Ok, so folklore Friday is so late this week, its folklore Sunday…. but I was on a roll Friday with my psalter project….
No, no… good St. Aldhelm didn’t have any meetings with a lady at the ford, as much as he did like to sing from bridges apparently…not sure if this is folklore but close enough.
This loathly lady appears in Aldhelm’s On Virginity:
“At one time King Constantine searches certain presages and dreams for future events. For when he stretched out his royal limbs on a cushion of feathers, he saw by chance and discerned in his vision the figure of a wrinkled woman misshapen, with an aged appearance, who stooped and walked troubled with trembling limbs; what is more the cruel fate of death had already touched her. The illustrious priest Silvester ordered the king to revive the decrepit limbs of the little old woman so that she would once again enjoy life. Then, through prayers of the king, a beautiful young girl arose, the same whom the stern countenance of old age had previously disfigured and, although she formerly lay still as a corpse in the death of decay, nevertheless, she immediately becomes a girl lovely in appearance. When he beholds her, the rejoicing king crowns her with a wreath, binding her temples with a garland of glittering gold, and he adorns her with with a covering of a robe as well as with gowns. Like a queen she wears a ruby-colored necklace around her neck — such was the beautiful appearance of the virgin. Then Helen, in conversation, teaching the king what was to happen, explaining the future omens of the dream, said thus to the Augustan king: ‘She will always be yours and will escape the finally of death, except for the time when the last ages shall burn in dire flames’.

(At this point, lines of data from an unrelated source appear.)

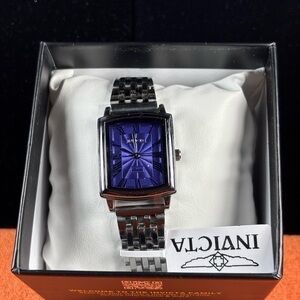 Invicta Women’s Celestial Zika Stainless Steel Watch with Purple Dial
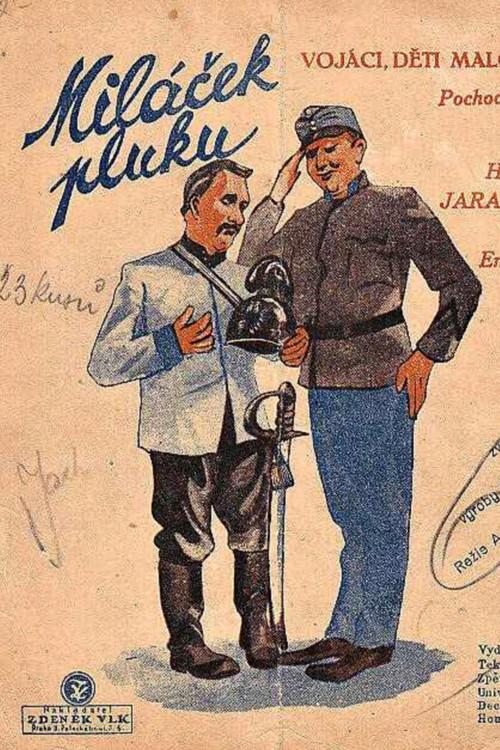 Darling of the Regiment 1931 official movie poster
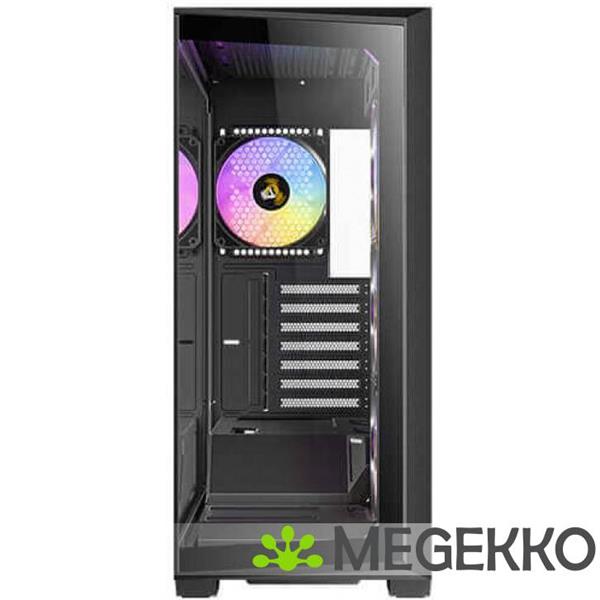 Grote foto antec c3 argb black computers en software behuizingen en kasten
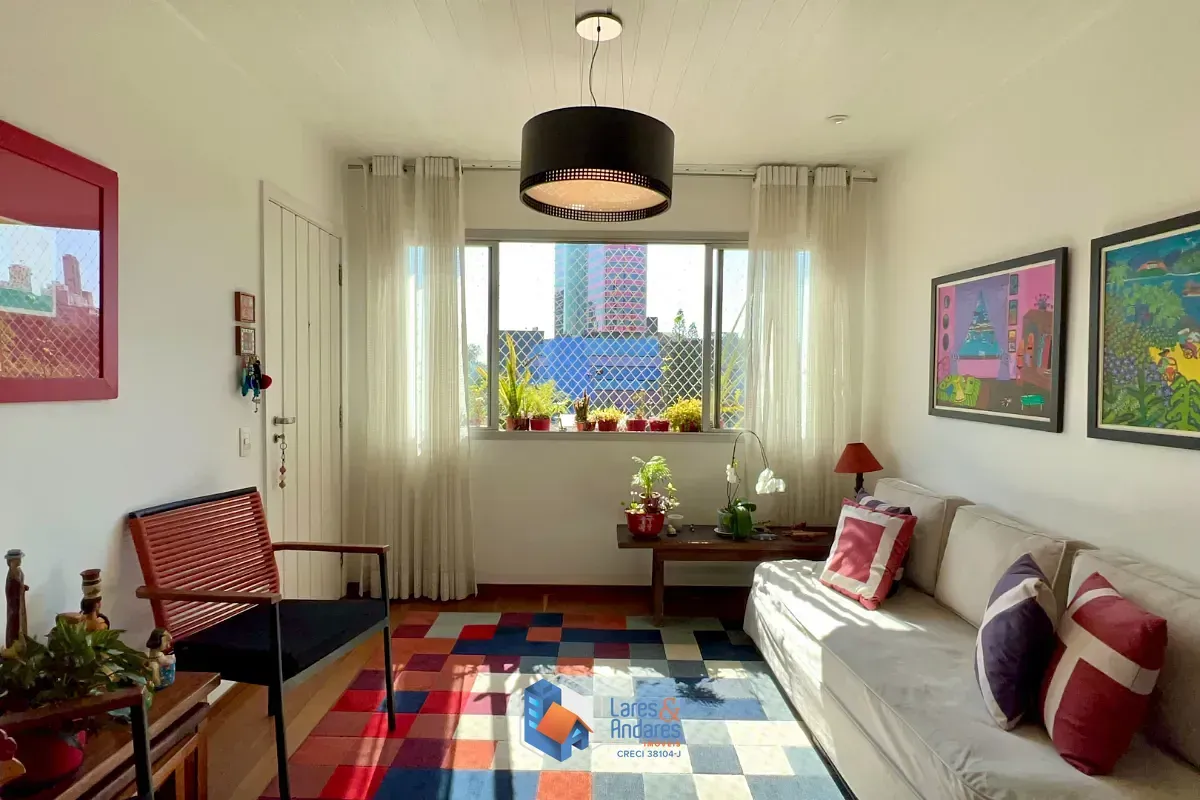 Imagem Apartamento para venda em Pinheiros com 3 quartos, sendo 1 suíte, 80m²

The emperor lay awake in his high bed, frightened, pale, and gripped by fear of the dream. he gathered together in a group sophists eloquent in their skill, who cast about philosophical speculations with windy words. …they produced nothing by their vapid haranguing, but rather fashioned many trivialities with their false words. Then the emperor, fasting, chastised his temperate body and for seven days declined rich foods, begging that the prophecy be revealed by the Lord Christ.

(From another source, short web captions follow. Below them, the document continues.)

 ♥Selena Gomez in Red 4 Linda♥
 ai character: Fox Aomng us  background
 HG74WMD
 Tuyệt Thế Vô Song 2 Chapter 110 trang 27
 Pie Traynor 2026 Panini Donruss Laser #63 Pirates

…when sleep took hold of his royal limbs in the bed, Silvester spoke to the emperor, revealing the mystery of these things: ‘The woman, whom you though was old in grim appearance, who disgusted you so much by her decrepit senility, is the city which men commonly call by the name Byzantium: henceforth let it be called Constantinople for all time. Indeed, in your name it will preform triumphs throughout all ages. In this city the once lofty heights of walls have grown old and now, fallen from their eminence, they lie strewn on the ground. The walls decay and battlements totter — decay shatters these things and old age destroys them. But I will order you to keep my commands: transported on the back of a hoofed animal through forlorn countryside, remember to carve a furrow with the tip of a standard. Thus riding through the land you shall push the flag-staff in your right hand, digging four furrows in a continuous line [ie the four sides of a rectangular plot], on which, having erected lofty towers of a fortress you shall renew the walls of the building with red brick. In it your offspring will reign and that of your grandchildren — as numerous offspring of your fathers have reigned — their offspring and the fathers of their fathers will be gathered in it.’ ” (Carmen de Virginitate, p. 116-117)

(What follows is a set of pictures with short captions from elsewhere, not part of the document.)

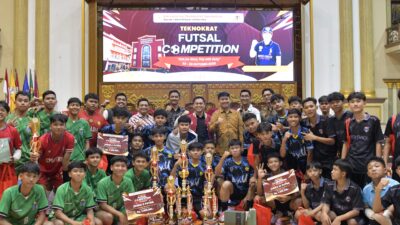 Peringati Sumpah Pemuda, Kampus UTI Gelar Teknokrat Futsal Competition 2025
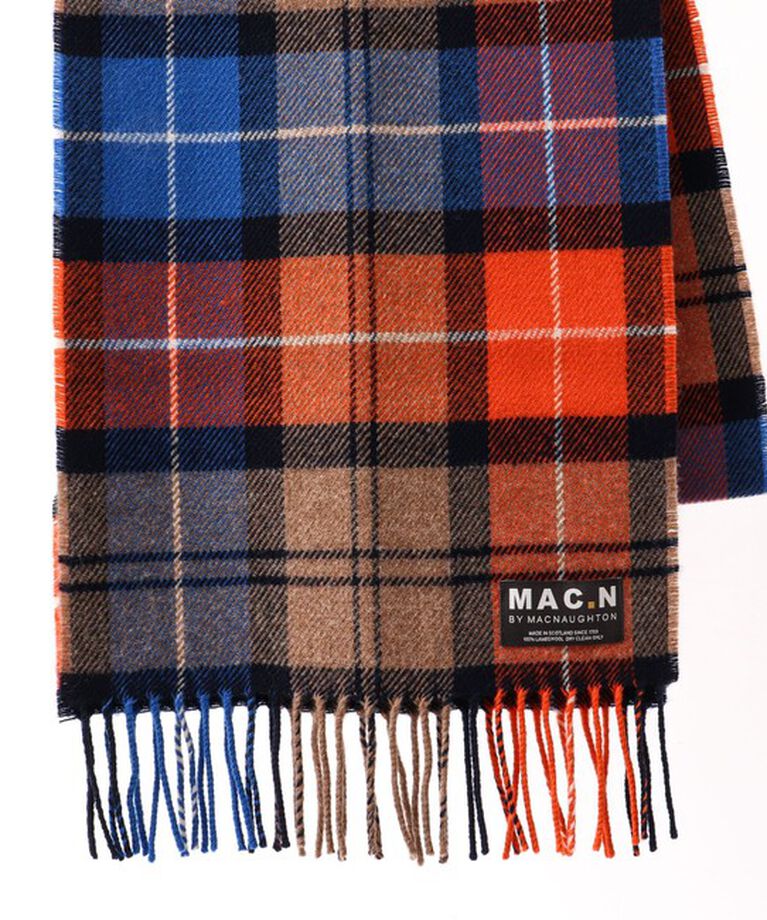 NOLLEY'S goodman「【MAC.N/マックエヌ】Lambswool Scarf Check 30 24AW」|マフラー|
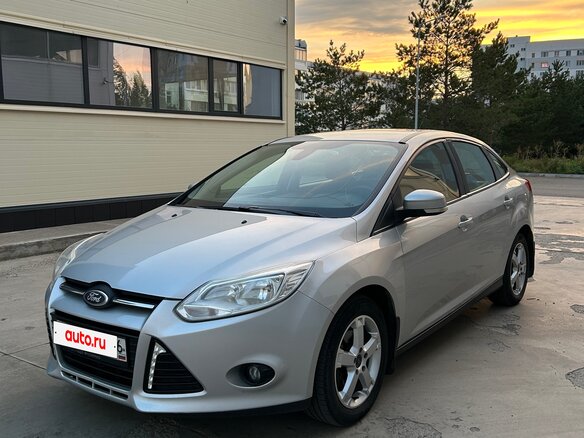 2012 Ford Focus III, серебристый, 585000 рублей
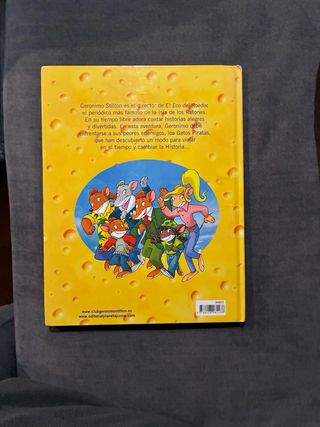 El descubrimiento de América: Cómic Geronimo St...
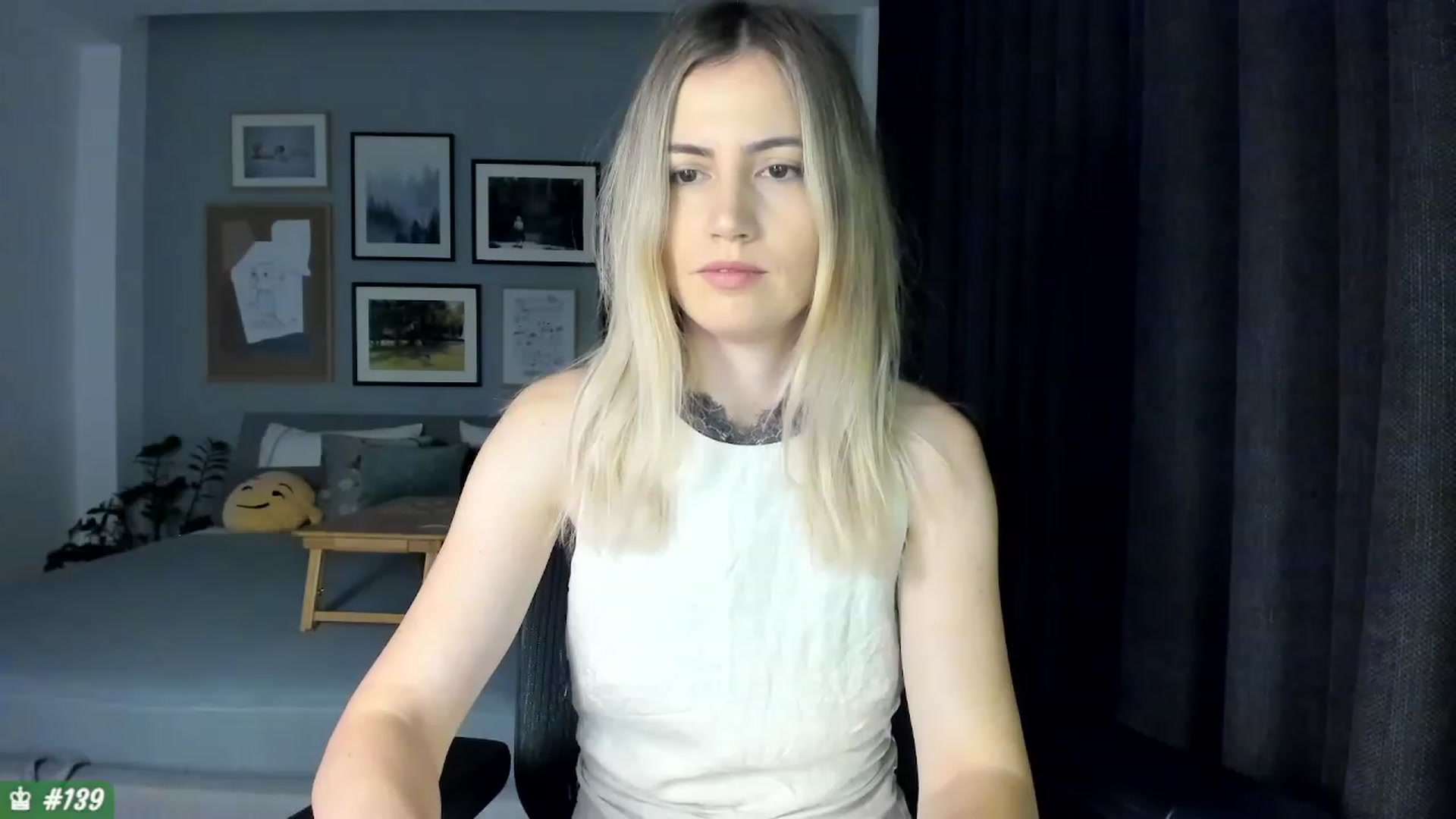 Gallery image thumbnail from happyendings_'s myfreecams stream on, 08/10/2023, 02:40 image 7 of 20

Strange little story to send to some nuns. Notice that Aldhelm says that Constantine ‘revived’ her with his prayers and she takes on the ‘beautiful appearance of a virgin’. 🙂 Linking in with our previous folklore stories, we can imagine a story (or stories) something like this on Ida and Bearnoch of Bernicia, or perhaps his grandson Æthelfrith and his wife Bebba of Bebbanburgh.
Historically this the oldest surviving version of the loathly lady motif in the British Isles, both by its setting in the time of Constantine the Great and in the oldest surviving work. In her 1998 article on this episode, Jane Stevenson argued that Aldhelm was introducing an Irish sovereignty story into the legend of Constantine; indeed, inserting itself into the Greek Life of Sylvester which only survives from much later than Aldhelm’s work. Her argument is too complex to summarize here, so I recommend her work to you if you are interested in Constantine, Aldhelm, Greek texts, or Irish influence on the Anglo-Saxons.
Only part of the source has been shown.